## What you have to do
Could the data below please be reproduced word for word, without the pictures?

## Given material
- - - - - - -

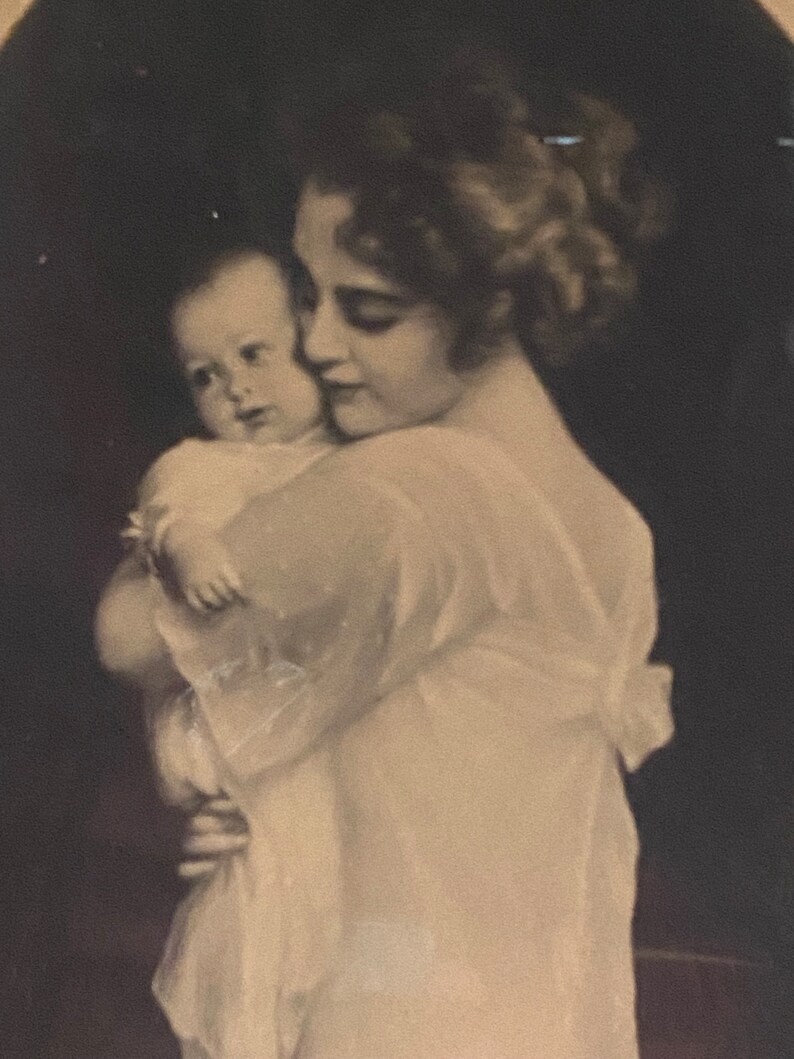 May include: A black and white photograph of a woman holding a baby in her arms. The woman is wearing a white dress and the baby is wearing a white dress. The woman is looking down at the baby and the baby is looking up at the woman.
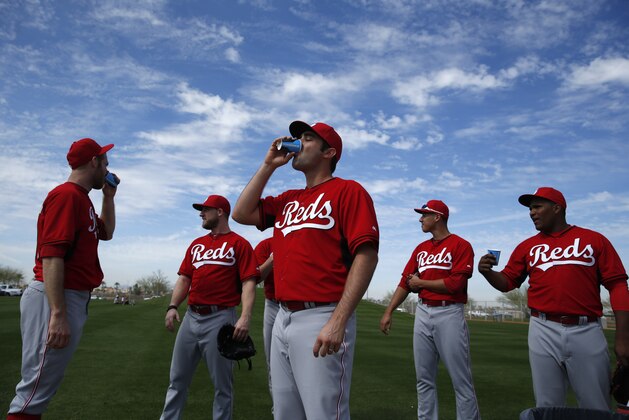 Cincinnati Reds' player Matt Magill, center, drinks water with other players during pitchers and catchers spring training practice Thursday, Feb. 19, 2015, in Goodyear, Ariz. (AP Photo/John Locher)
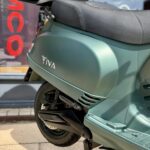 Close-up van een matte groene IVA-scooter met topkoffer, zadel en achterwiel op de standaard voor een winkel.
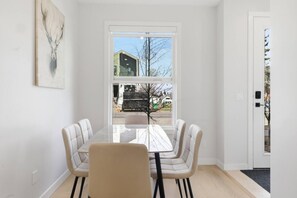 A dining area with a table and chairs, a window with a view of a building and trees, and a door with a doormat. - Stylish Family Home • 3BR + 2.5 Bath • NW Calgary (Calgary)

- - - - - - -

## Task result
 May include: A black and white photograph of a woman holding a baby in her arms. The woman is wearing a white dress and the baby is wearing a white dress. The woman is looking down at the baby and the baby is looking up at the woman.
 Cincinnati Reds' player Matt Magill, center, drinks water with other players during pitchers and catchers spring training practice Thursday, Feb. 19, 2015, in Goodyear, Ariz. (AP Photo/John Locher)
 Close-up van een matte groene IVA-scooter met topkoffer, zadel en achterwiel op de standaard voor een winkel.
 A dining area with a table and chairs, a window with a view of a building and trees, and a door with a doormat. - Stylish Family Home • 3BR + 2.5 Bath • NW Calgary (Calgary)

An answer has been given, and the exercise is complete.